Great Plains Studies, Center for

 

Date of this Version

2010

Citation

Great Plains Quarterly 30:1 (Winter 2010)

Comments

Copyright 2013 Center for Great Plains Studies, University of Nebraska-Lincoln

Abstract

It is often said that if you present fifty Cherokees with a given proposition, you'll get fifty-one opinions about how best to proceed. Cherokee Thoughts captures the humor, complexity, and contention embedded in such aphorisms. Careful to emphasize that the volume speaks neither for all Cherokees nor for any Cherokee government, Robert J. Conley engages a variety of contemporary tribally specific conversations, ranging-in no particular order-from the highly contentious issues of Cherokee citizenship, identity, and the freedman debates, to thoughts on tribal specific historical fiction and intellectual production ("Cherokee Literature," "Tribally Specific Historical Fiction," "John Oskison and Me"), to Cherokee celebrities/ outlaws, Indian gaming, and Oklahoma history, to list but a few.

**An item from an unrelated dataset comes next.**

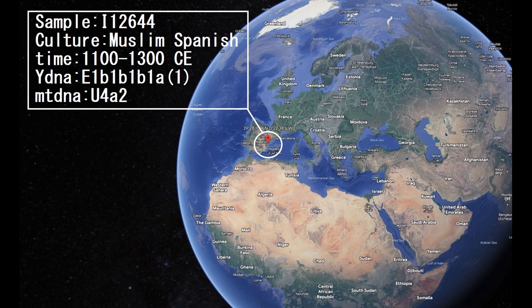Hello guys. In this video we'll be taking a look at the autosomal DNA, predicted phenotype traits and GEDmatch results of a medieval Spanish Moor, a Muslim from Spain.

Perhaps better known for his Cherokee historical fiction and his popular history, The Cherokee Nation (2005), Conley traverses and often collapses generic boundaries, weaving together family narratives with short fiction ("Ricochet"), oral tradition with legal and popular discourses ("Indian Casinos," "Cherokees and Sports"), and historical analysis with personal, often scathing-but always wryly humorous-editorial commentary ("Cherokee Outlaws," "California Cherokees," "Henry Starr").